# TASK ITEM
Repeat the following entries verbatim, apart from the pictures.
────────────────────
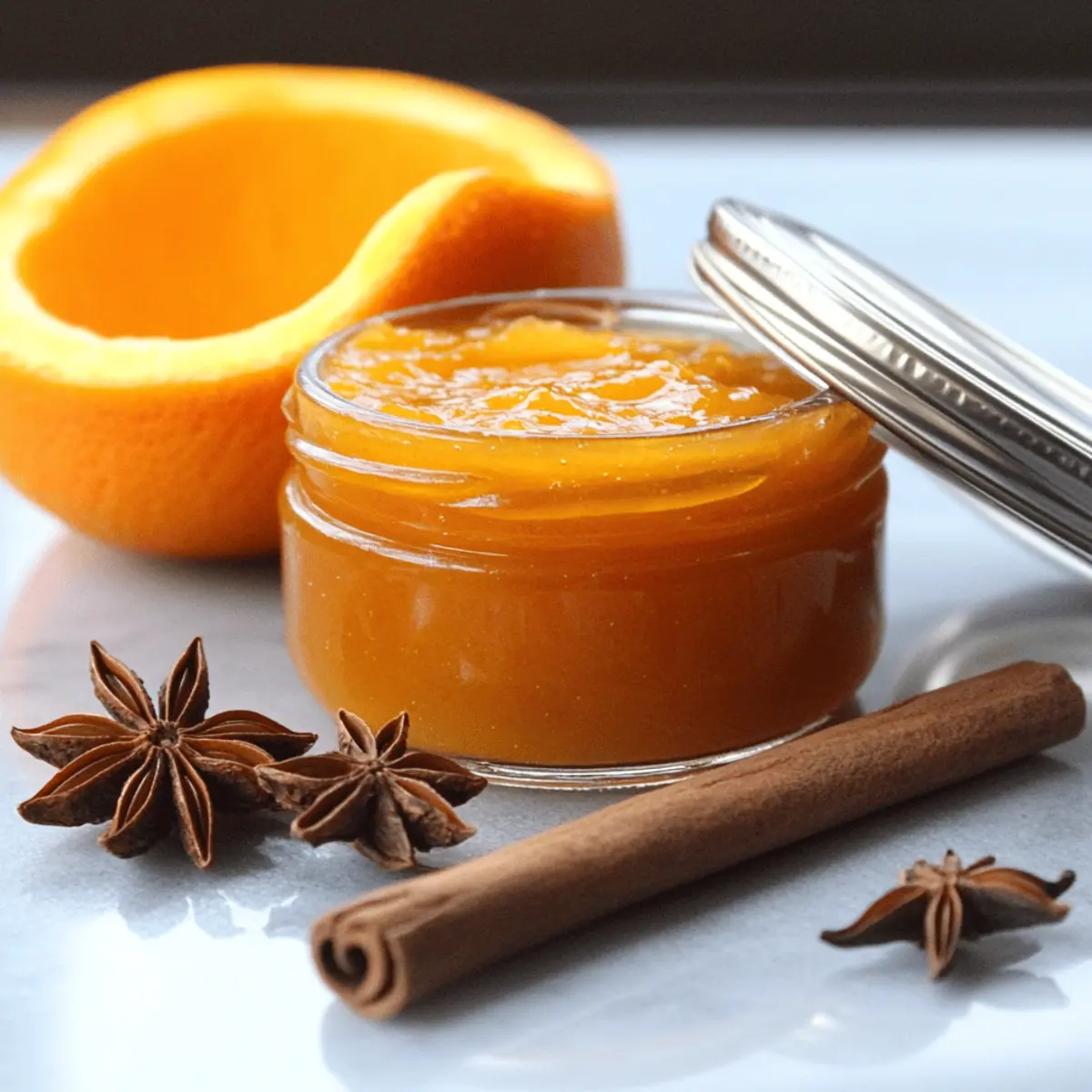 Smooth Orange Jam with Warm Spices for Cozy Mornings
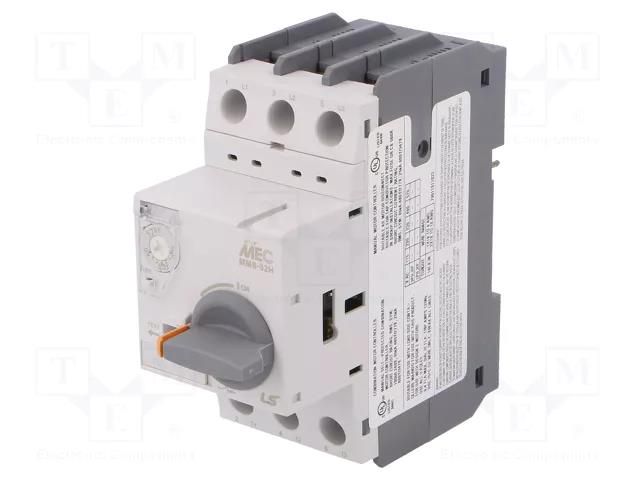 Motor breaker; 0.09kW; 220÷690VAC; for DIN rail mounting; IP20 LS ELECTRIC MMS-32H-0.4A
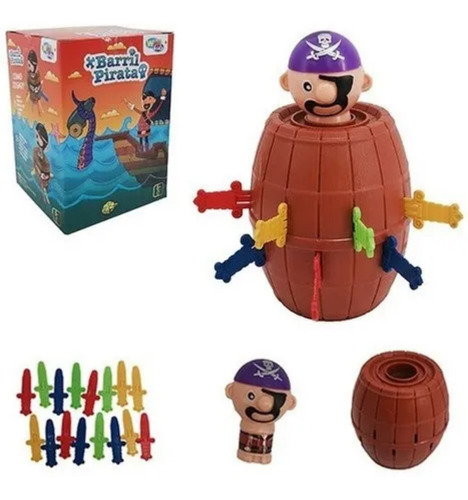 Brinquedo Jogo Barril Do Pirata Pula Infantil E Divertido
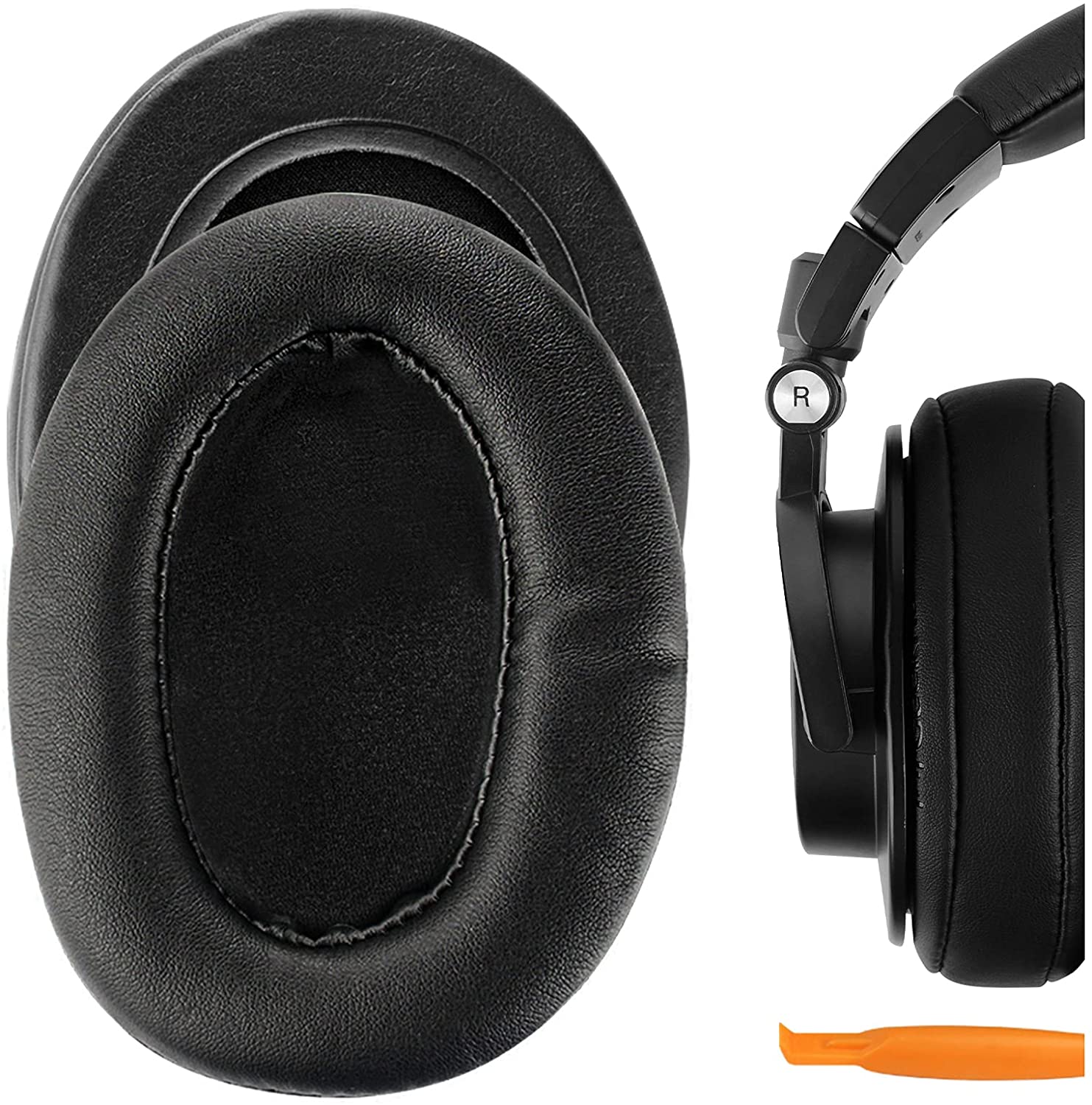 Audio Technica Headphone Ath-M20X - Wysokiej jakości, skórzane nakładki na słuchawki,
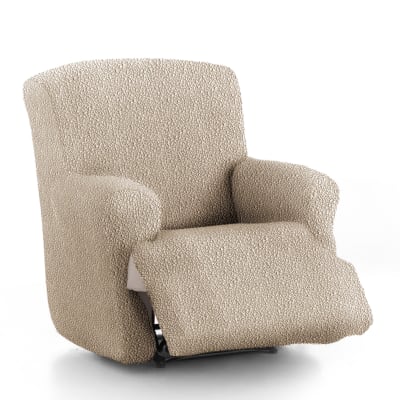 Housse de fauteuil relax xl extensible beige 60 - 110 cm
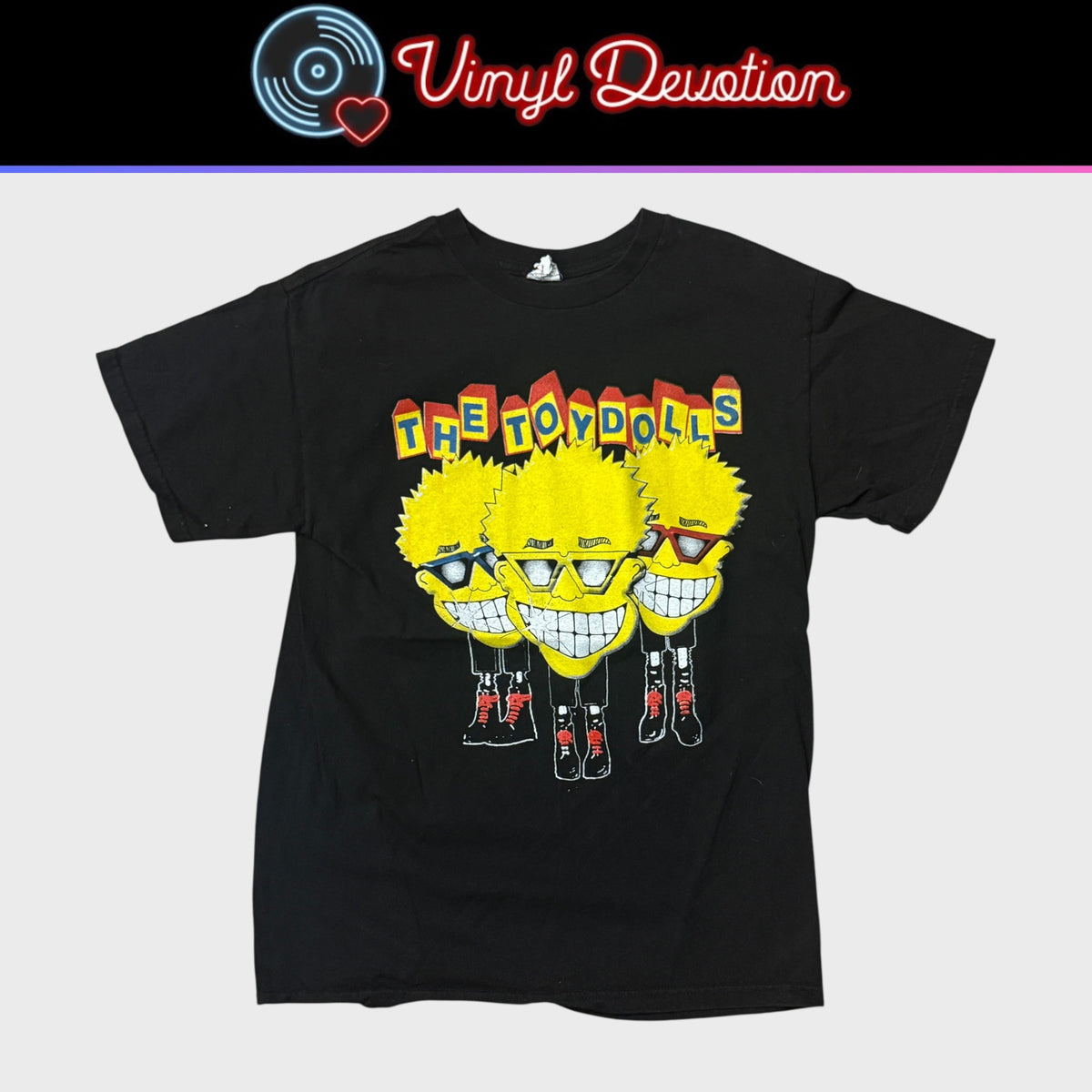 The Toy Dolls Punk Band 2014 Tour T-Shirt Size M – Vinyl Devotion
────────────────────
# PROBLEM SOLUTION
 Smooth Orange Jam with Warm Spices for Cozy Mornings
 Motor breaker; 0.09kW; 220÷690VAC; for DIN rail mounting; IP20 LS ELECTRIC MMS-32H-0.4A
 Brinquedo Jogo Barril Do Pirata Pula Infantil E Divertido
 Audio Technica Headphone Ath-M20X - Wysokiej jakości, skórzane nakładki na słuchawki,
 Housse de fauteuil relax xl extensible beige 60 - 110 cm
 The Toy Dolls Punk Band 2014 Tour T-Shirt Size M – Vinyl Devotion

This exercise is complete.